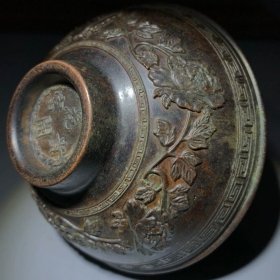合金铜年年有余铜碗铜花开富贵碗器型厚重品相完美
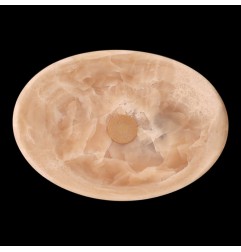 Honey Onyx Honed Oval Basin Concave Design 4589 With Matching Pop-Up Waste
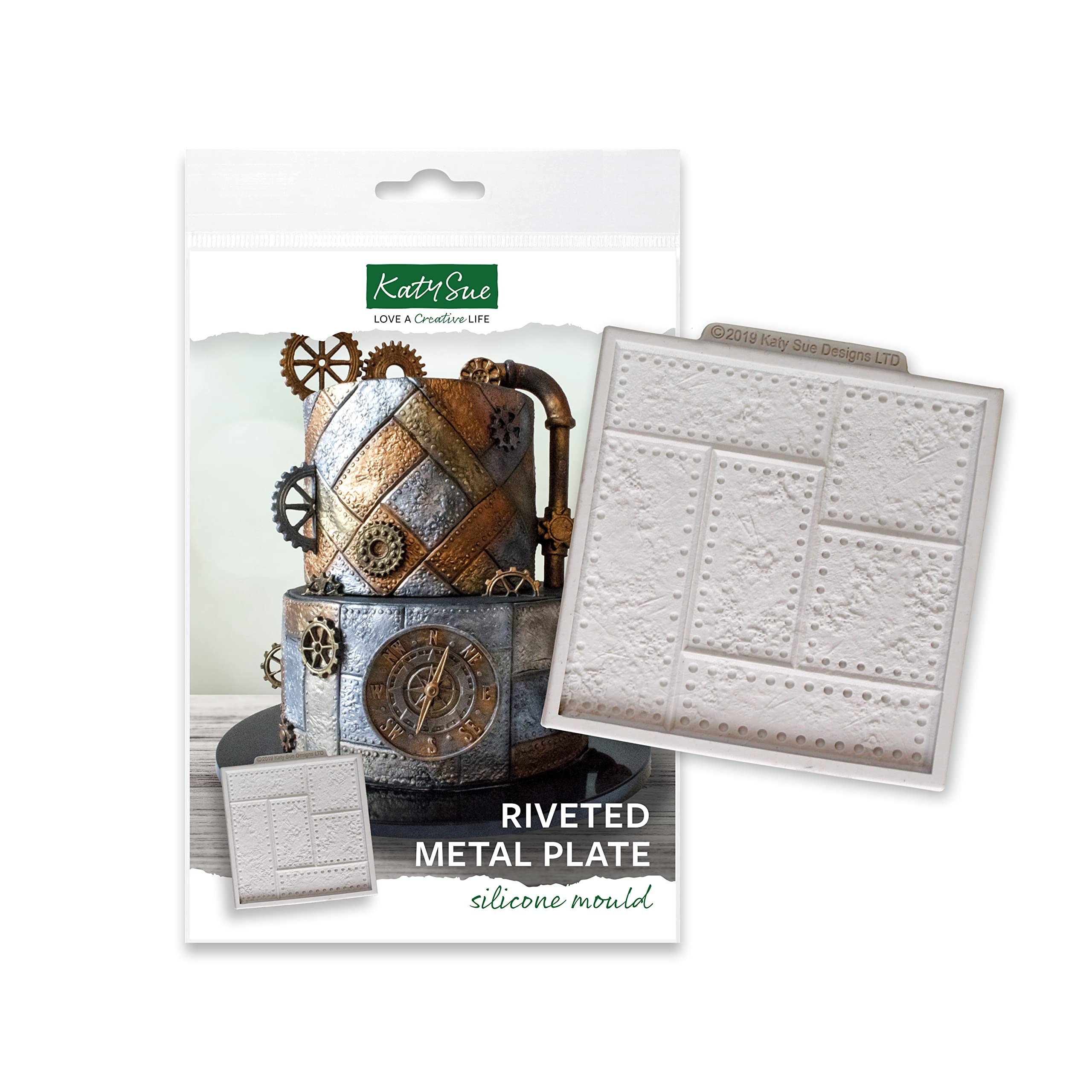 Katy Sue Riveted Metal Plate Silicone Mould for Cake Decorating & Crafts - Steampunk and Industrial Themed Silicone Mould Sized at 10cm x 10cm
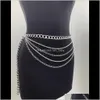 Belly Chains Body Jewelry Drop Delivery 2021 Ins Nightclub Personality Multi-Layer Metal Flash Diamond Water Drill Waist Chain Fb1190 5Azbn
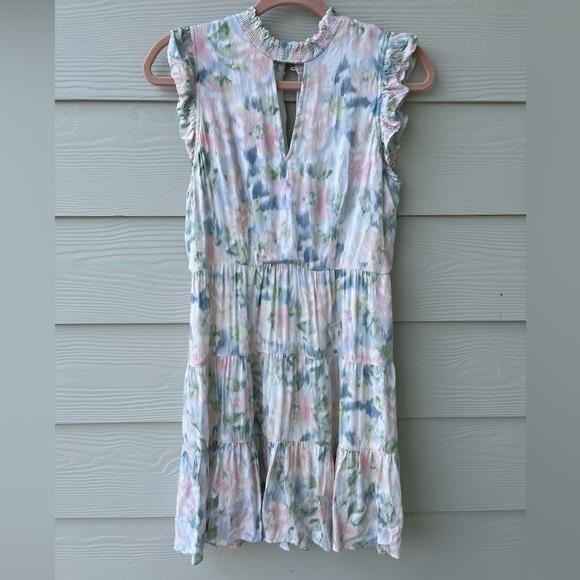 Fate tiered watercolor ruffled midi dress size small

========================================

The answer is the run of lines from the one with "Belly Chains Body" through the final line of the data, copied exactly, and nothing else; no pictures.

[Written solution]:
 Belly Chains Body Jewelry Drop Delivery 2021 Ins Nightclub Personality Multi-Layer Metal Flash Diamond Water Drill Waist Chain Fb1190 5Azbn
 Fate tiered watercolor ruffled midi dress size small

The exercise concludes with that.